Open hyanwong opened 5 months ago
another consideration is that a polytomy implies a greater total edge span than the original binary topologies; which I'd think would introduce bias. IIRC we don't see a relationship between arity and bias, however.
Now that we have a decent routine to create polytomies (https://github.com/tskit-dev/tskit/discussions/2926), we can test out the effect of polytomies on dating. Here's an example, using the true topologies, without and with induced polytomies (where edges without a mutation on them are removed to make a polytomy, see the trees below the plot). It appears as if making polytomies like this biases the mutation dates to younger times as the sample size increases:
Example first tree (original, then with induced polytomies):
FWIW, the pattern doesn't change much if we use the metadata-stored mutation times instead.
Nice!
This is great @hyanwong, thanks. I can think of a few things to try that might reduce bias-- will report back.

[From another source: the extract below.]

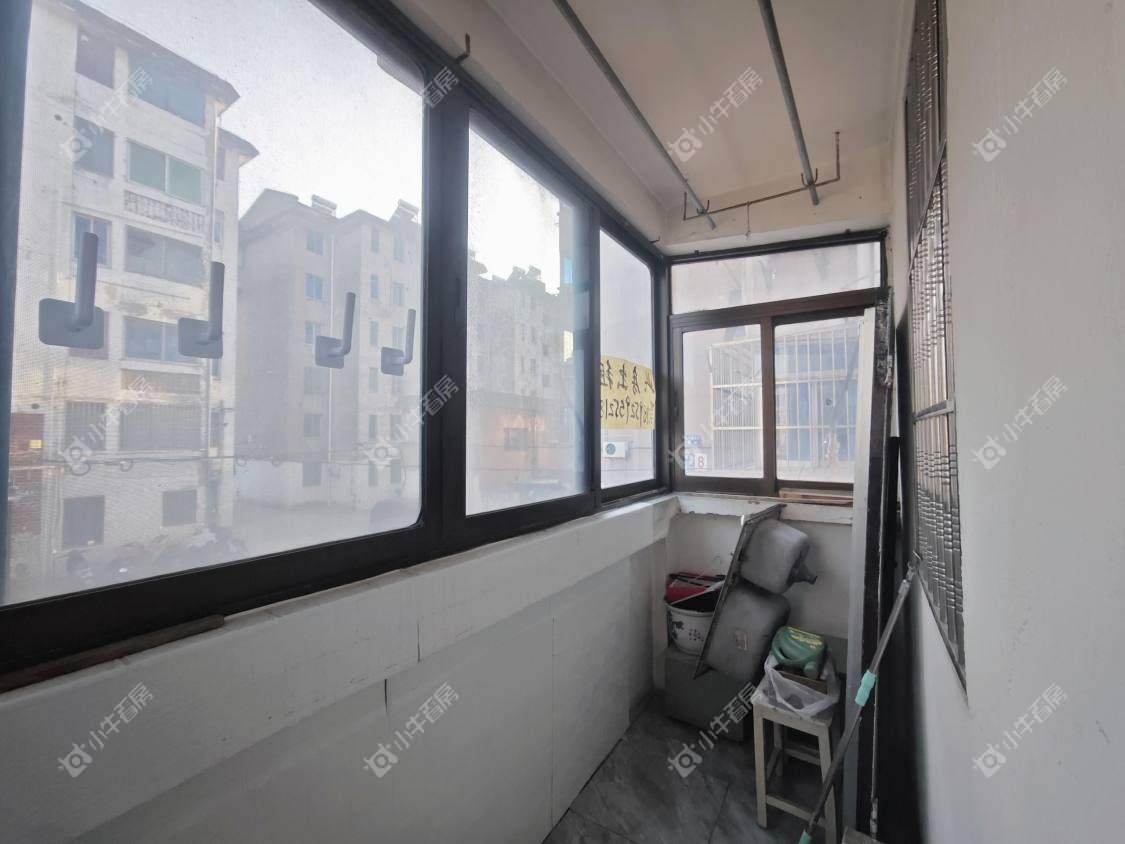 镇江丹桂园南区在售二手房源室内图_小牛看房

Thanks @nspope : from a few tests it appears as if the bias is less pronounced in tsinfer inferred tree sequences. Plots below - the right hand column is tsinfer on the same data:
As an aside, I wondered if reducing to the topology only present at each variable site would change the bias, but it doesn't seem to very much
Looking first at node ages ... the reason there's bias in dating nodes after introducing polytomies is because there's more mutational area than was in the original binary trees. E.g. we're increasing the total branch length, which means that when we match moments using segregating sites we end up shrinking the timescale.
To be a bit more precise: the current normalisation strategy calculates total edge area and total number of mutations, then rescales time such that the expected number of mutations matches the total number of mutations.

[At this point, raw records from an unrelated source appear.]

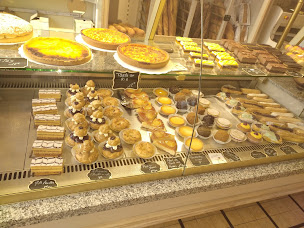 Photo n°26 de Le Point Gourmand des 7 Vallées à Fillièvres (Épicerie)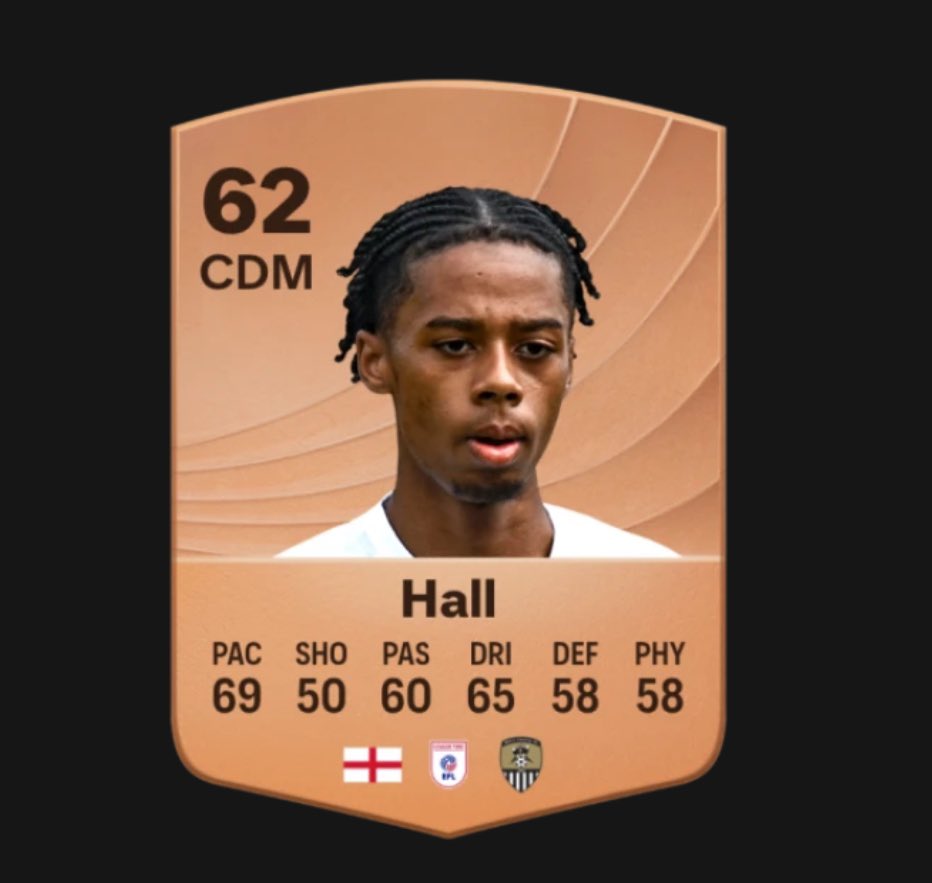 dragussythfc's tweet image. Meals will be #made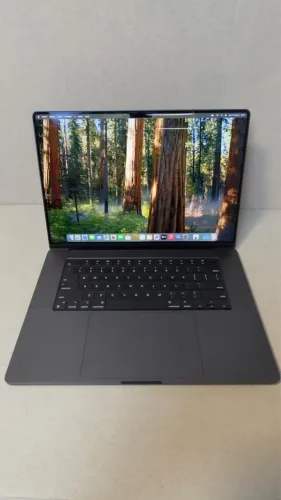 MacBook Pro M4 pro 24gb 512gb 16pol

Instead, consider doing the following: for each tree, sample a path from a randomly selected leaf to the root. Only accumulate edge area and mutations on the sampled paths. This should be unbiased, because the "path length" is the same regardless of the presence of polytomies. In fact, we can do this sampling deterministically, because the probability that a randomly selected path passes through a given edge is proportional to the number of samples subtended by that edge. E.g. we normalise as before but weight edges by the number of samples they subtend.

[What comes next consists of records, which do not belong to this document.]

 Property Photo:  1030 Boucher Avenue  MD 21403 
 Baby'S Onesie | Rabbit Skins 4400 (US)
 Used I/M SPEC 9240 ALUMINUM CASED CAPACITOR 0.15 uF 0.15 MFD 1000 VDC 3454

Using this alternative "path normalisation" strategy seems to greatly help with bias (1000 samples, 10 Mb):
This more-or-less carries over for mutations:
Oh wow. This is amazing. Thanks Nate.
Does it cause any overcorrection problems for tsinferred tree sequences? I assume it shouldn't...
Another way to phrase this is that we're moment matching against a different summary statistic (rather than segregating sites), that is the expected number of differences between a single sample and the root. In my opinion this choice of summary statistic is a more conceptually straightforward way to measure time with mutational density.
I did a quick check on inferred simulated tree sequences -- the original routine was more or less unbiased (as Yan observed above) and the new routine does about the same. Would be interesting to compare the two on real data. Regardless, this new routine seems like the right approach.
the new routine does about the same
That's great.
Regardless, this new routine seems like the right approach.
Absolutely. We should go with the new approach. I wonder how both approaches perform on reinference? I can check this once there's instructions for how to run the new version.
The API is exactly the same, with the new normalisation scheme used by default. The old normalisation scheme can be toggled if you pass match_segregating_sites=True
to date.
Great, thanks for the info. Is it currently much slower than the old version? It seems maybe not?
It shouldn't be, but would be good to check (if you enable logging it'll print out time spent during normalisation). There's an additional pass over edges, but this is done in numba. It might add few minutes on GEL or UKBB sized data, so would be good to enable logging there to get a sense for the overhead.
I wonder how both approaches perform on reinference
Actually, I don't think it'll change reinference at all -- ancestor building just uses the ordering of mutations, right? Normalisation won't change the order, just the inter-node time differences.
Hannes had an interesting idea: how do polytomies affect the variation in posterior times for a node? We could test this by taking a known topology and collapsing some of the nodes into polytomies, then dating, and looking at how the posterior distribution of times of the component nodes compares to the posterior distribution estimated for the collapsed polytomy.